Yugoslavia was created as a new state in 1918, composed of areas that had never been under a common unified government, and which for centuries had been under the domination of foreign powers. When the Communist Party came to power, it consisted of six distinct nations: Serbia, Croatia, Bosnia-Herzegovina (hereafter Bosnia), Slovenia, Montenegro, and Macedonia. Serbia, itself, was further segmented into Serbia proper and Muslim Kosovo.
Post-World War II elections were dominated by Tito’s Communist Party. However, the Communist Party was a collection of the various regional Communist parties rather than a centralized, unified party.
Upon Tito’s death in May 1980, which removed the country’s unifying force, ethnic tensions grew in Yugoslavia. Nationalism rose in all of the republics and provinces. Slovenia and Croatia agitated for looser ties and the Albanian majority in Kosovo sought the status of a republic. Serbia, for its part, sought to maintain control over the entire country.
Following the fall of communism throughout Eastern Europe, each of the republics held multi-party elections in 1990. Slovenia and Croatia elected governments that favored independence. For the moment, Montenegro joined with Serbia in favoring Yugoslav unity. Croatia took steps to strip Serbs of their rights in the republic.

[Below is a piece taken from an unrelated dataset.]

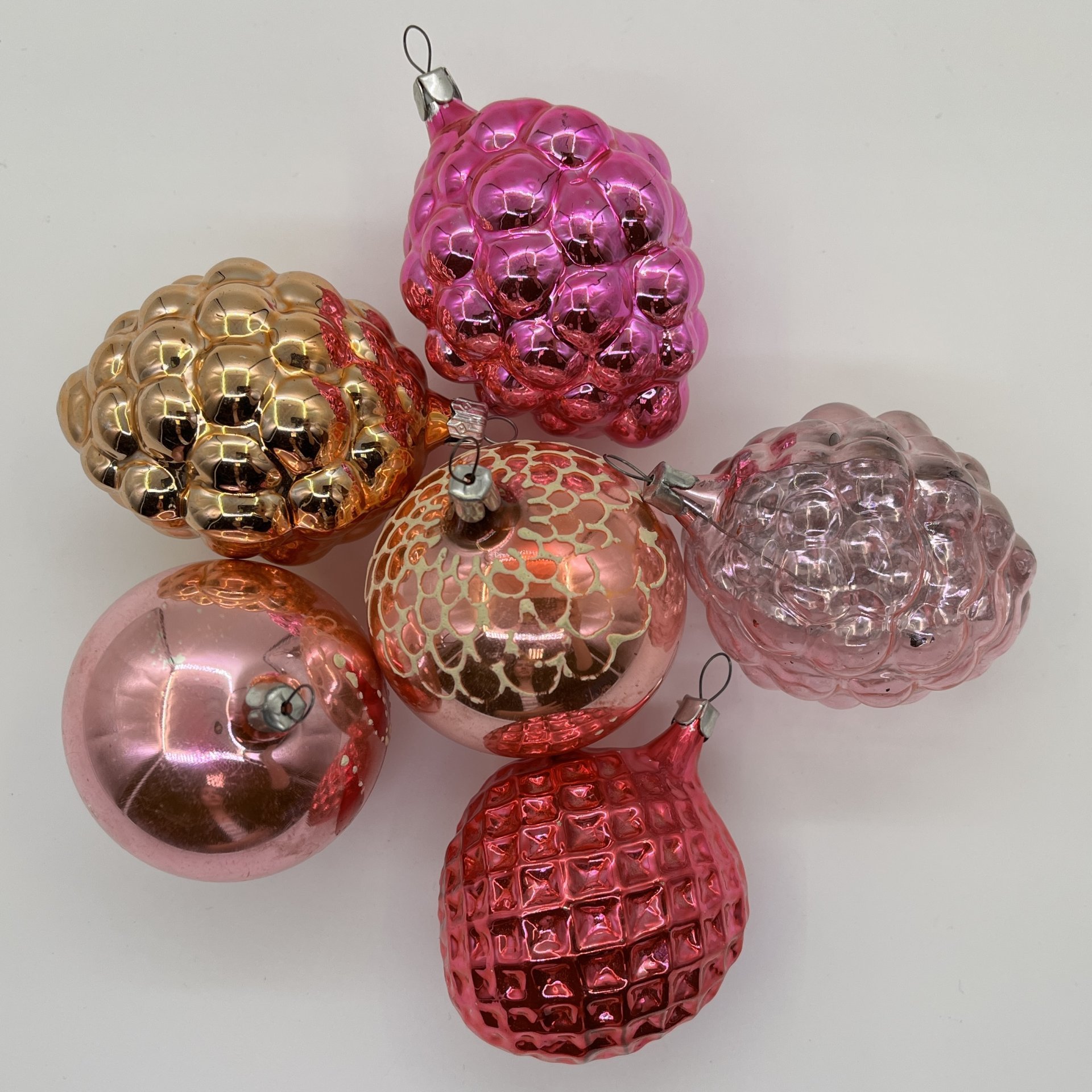 Набор ёлочных игрушек различных форм и расцветок (6 шт.), стекло, краска, металл, СССР, 1970-1990 гг.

On June 25, 1991, Slovenia and Croatia declared independence from Yugoslavia. The Yugoslav Army was ordered to restore national unity, but desisted, pulling out of Slovenia. In Croatia, however, a bloody war broke out in August 1991 between ethnic Serbs in a portion of the republic they inhabited and the new Croatian army and police force. Meanwhile, in September 1991, Macedonia declared its independence without resistance from the Yugoslav Army. United Nations forces moved into the region to monitor Macedonia’s northern border with Serbia.
In Bosnia in November 1991, Bosnian Serbs held a referendum which favored staying in a common state with Serbia. The following January the Bosnian Serb assembly proclaimed a separate republic of the Serb people of Bosnia and Herzegovina. The government of Bosnia declared the Serb referendum unconstitutional, but itself approved a referendum for Bosnian independence. In response, the Bosnian Serbs declared their independence as the Republika Srpska.
The war in Bosnia between Serbs, Croats, and Muslims followed shortly thereafter. In March 1994, the Muslims and Croats signed an agreement, which reduced the warring parties to two. The conflicted ended in 1995 with the so-called Dayton Agreement. Three years of ethnic strife destroyed the economy of Bosnia, caused the death of about 200,000 people, and displaced half the population. Bosnia was organized into two geographical units, the Republika Srpska and the Federation of Bosnia and Herzegovina (Bosniak-Croat Federation). Elections are held for executive and legislative offices in both the provincial government and the separate Serb and Bosniak-Croat entities. The presidency of the Bosnian republic rotates among the three members (Bosniak, Serb, Croat). A national legislature makes laws for the republic, with two thirds of the delegates in both the upper and lower houses selected from the Bosniak-Croat Federation and one third from the Republika Srpska. Separate parliaments, which exercise regional power, are elected in the Bosniak-Croat Federation and the Republika Srpska.
The unity of Serbia and Montenegro gradually weakened. By order of the Yugoslav Federal Parliament on August 4, 2003, Yugoslavia ceased to exist, with a federal government exercising only nominal powers. The two republics conducted their affairs as if they were independent, establishing customs along the traditional border crossings. On May 21, 2006, Montenegrins voted in favor of independence, just barely exceeding the 55 percent affirmative threshold set by the European Union for formal recognition as an independent country. On June 3, 2006, Montenegro declared its independence, with Serbia following suit two days later.
Ethnic tensions in Yugoslavia were resolved with its dissolution into six separate countries. One of them, Bosnia, further segregated into two political entities. Kosovo is effectually independent barring the upper tenth of its territory, largely inhabited by Serbs.